» Study material
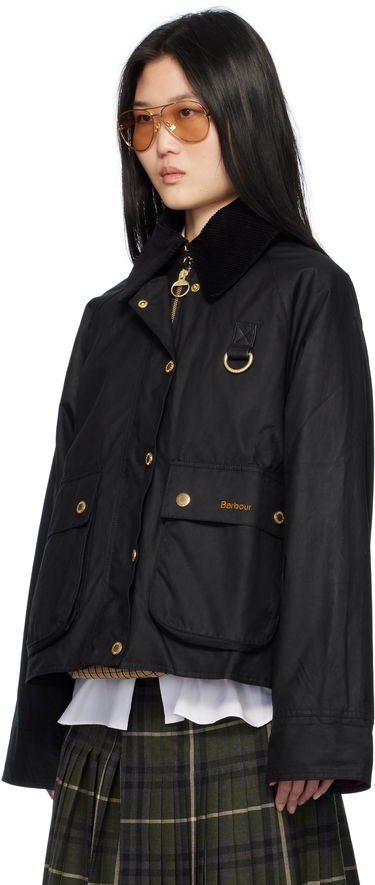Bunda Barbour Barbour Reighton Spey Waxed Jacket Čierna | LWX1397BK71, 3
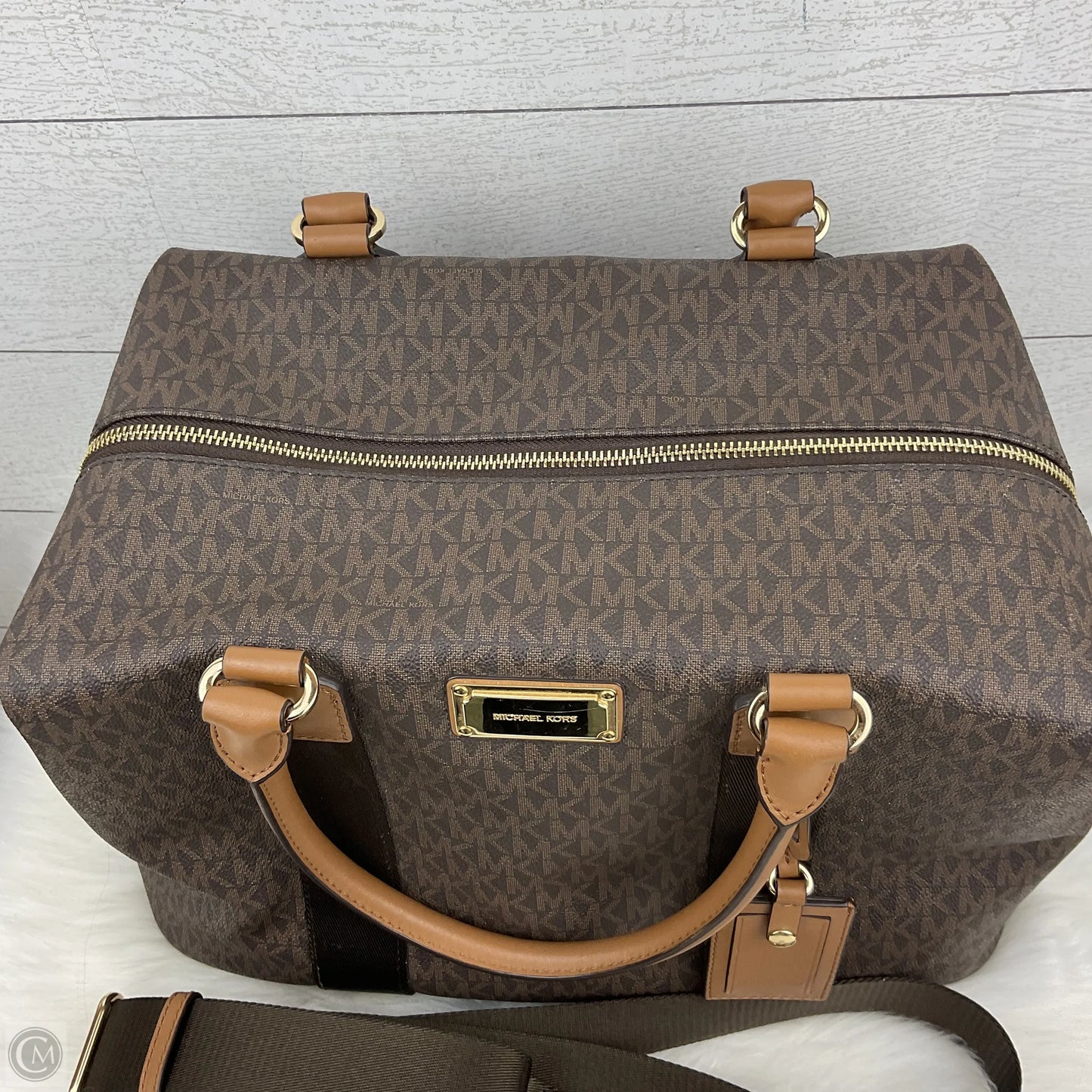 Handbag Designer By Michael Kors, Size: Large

...

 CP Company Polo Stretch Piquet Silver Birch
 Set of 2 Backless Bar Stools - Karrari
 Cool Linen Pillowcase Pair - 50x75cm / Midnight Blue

--

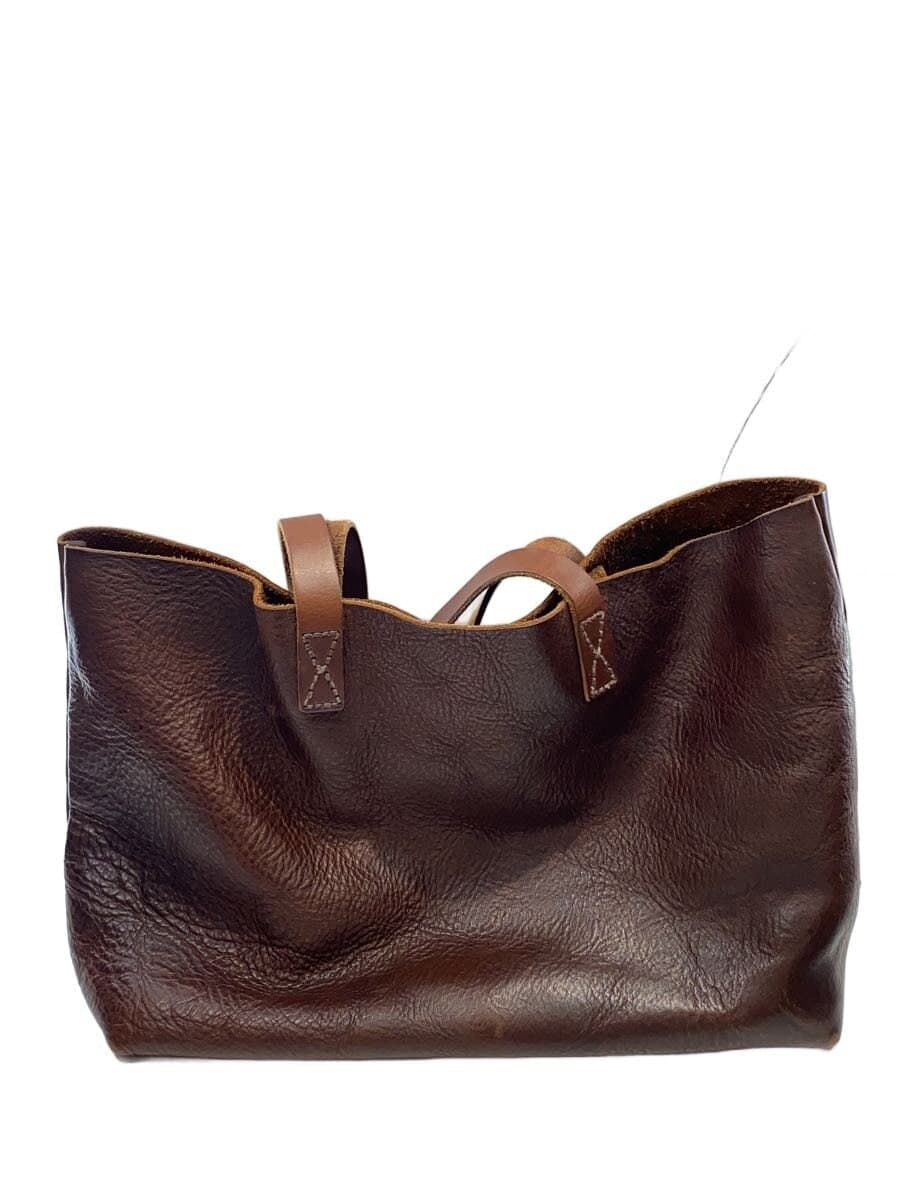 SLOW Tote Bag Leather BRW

» What to produce
Output exactly the lines above, from the line with "Bunda Barbour Barbour" to the line with "Handbag Designer By", both included; skip the pictures.

» Answer space
Bunda Barbour Barbour Reighton Spey Waxed Jacket Čierna | LWX1397BK71, 3
 Handbag Designer By Michael Kors, Size: Large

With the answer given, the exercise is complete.